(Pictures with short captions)
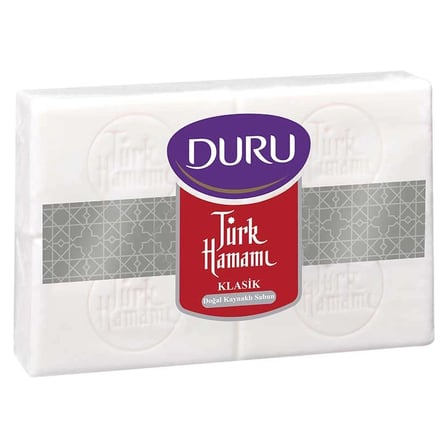 4 Adet Duru Türk Hamamı Banyo Sabunu 4x200 G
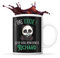 Planetee Tasse Richard Pas Touche Panda | Mug Prénom Cadeau Anniversaire Humour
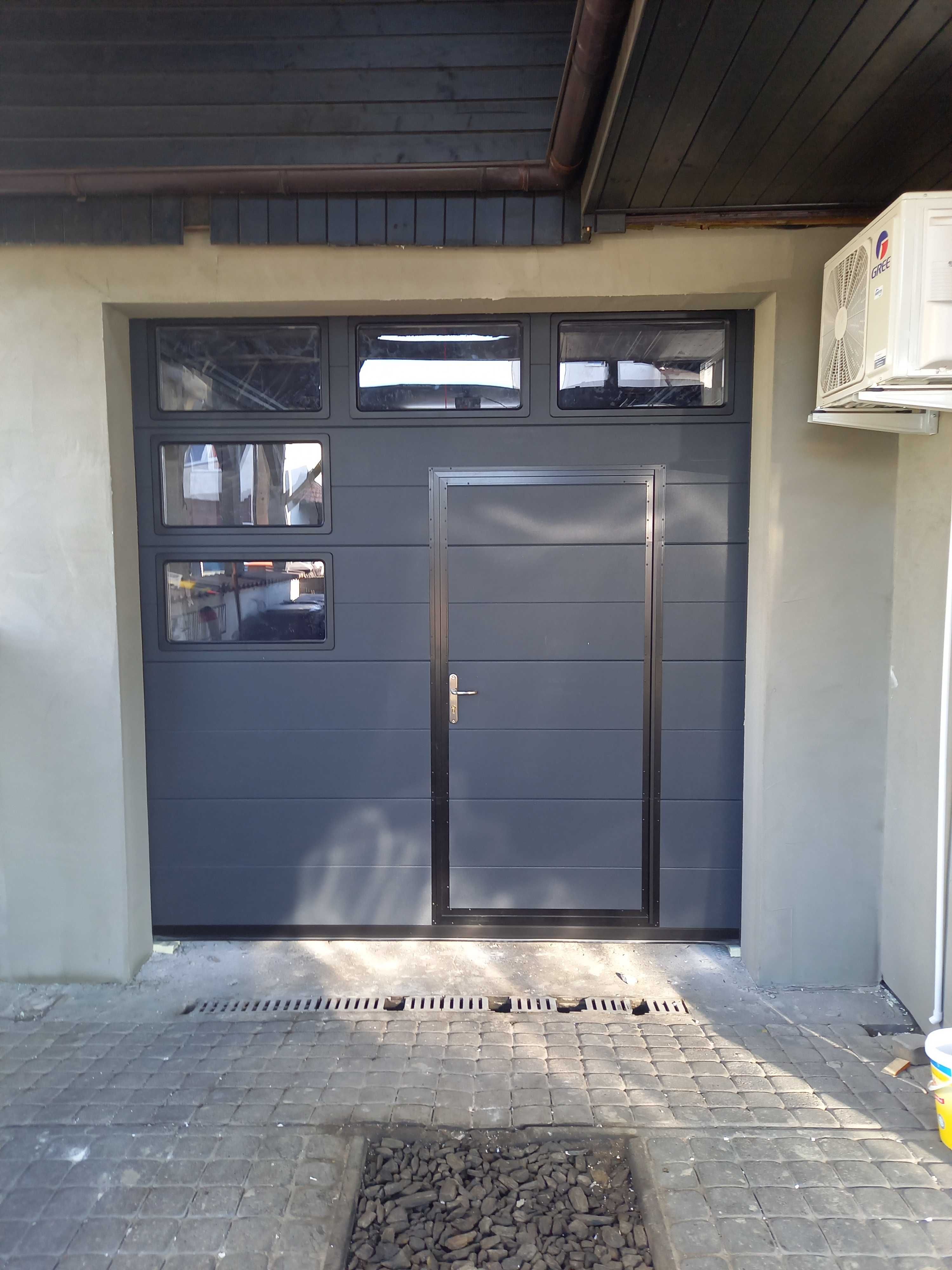 Brama segmentowa garażowa bramy garażowe PRODUCENT CHMIELNIK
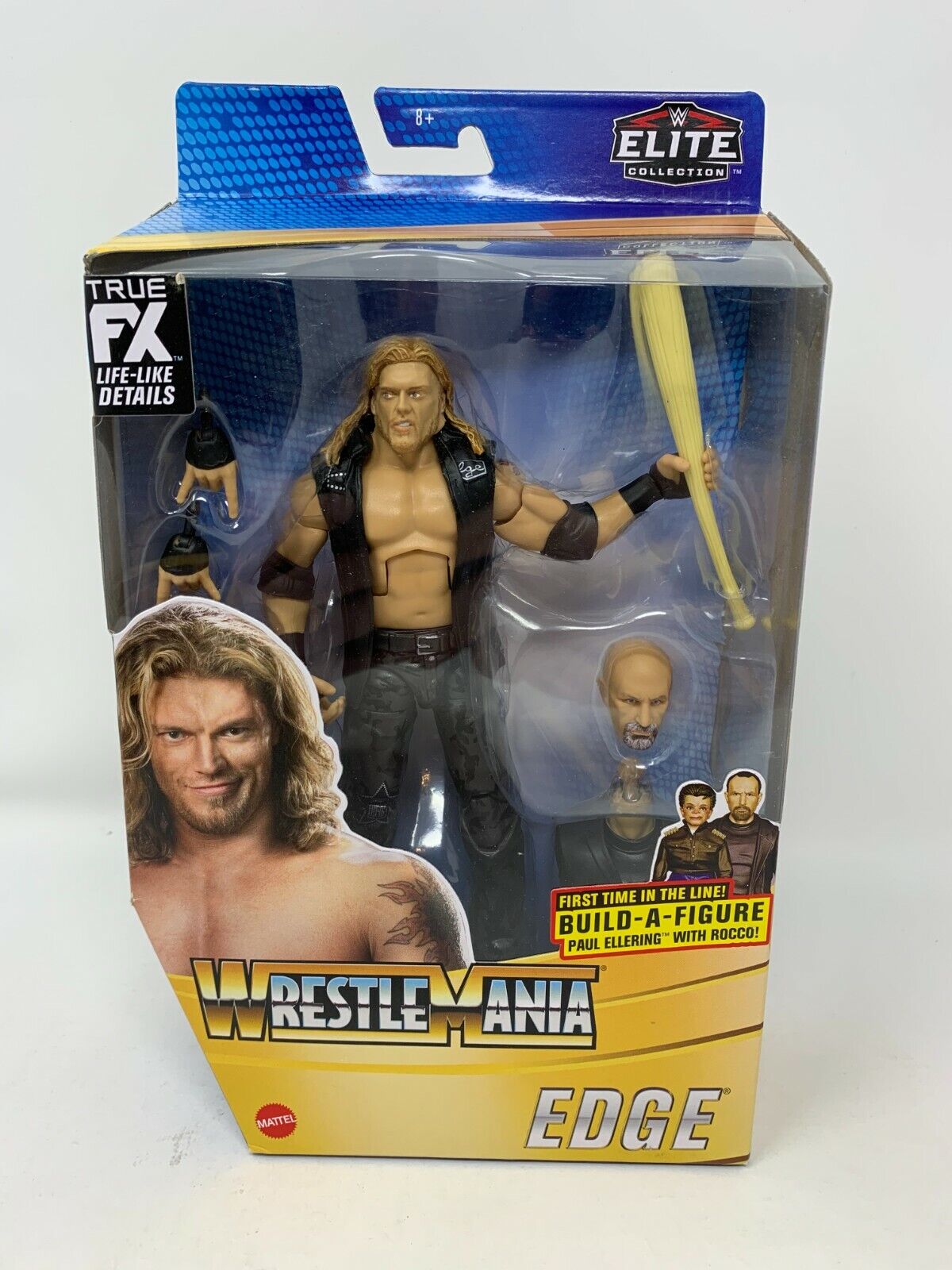 WWE Edge Elite Collection WrestleMania 37  Wrestling Action Figure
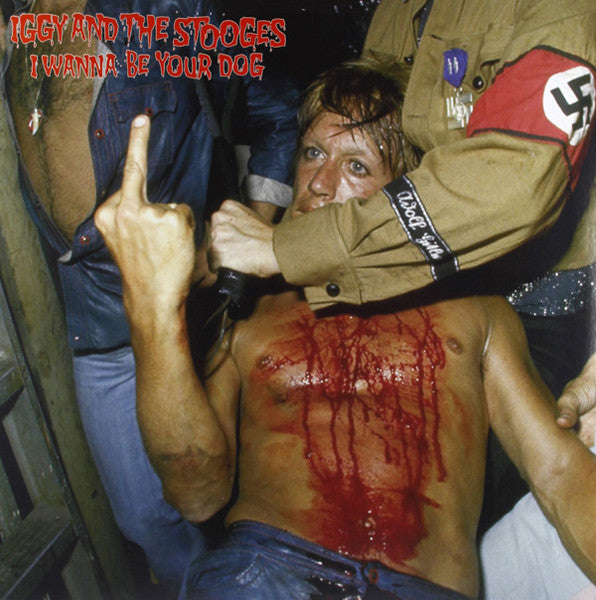 Iggy And The Stooges - I Wanna Be Your Dog USED VINYL
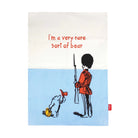 Paddington Bear King’s Guard Recycled Cotton Tea Towel - Heritage Of Scotland -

TASK DIRECTIONS. All entries need repeating exactly, but without the pictures.

ANSWER TO THE PROBLEM.
 4 Adet Duru Türk Hamamı Banyo Sabunu 4x200 G
 Planetee Tasse Richard Pas Touche Panda | Mug Prénom Cadeau Anniversaire Humour
 Brama segmentowa garażowa bramy garażowe PRODUCENT CHMIELNIK
 WWE Edge Elite Collection WrestleMania 37  Wrestling Action Figure
 Iggy And The Stooges - I Wanna Be Your Dog USED VINYL
 Paddington Bear King’s Guard Recycled Cotton Tea Towel - Heritage Of Scotland -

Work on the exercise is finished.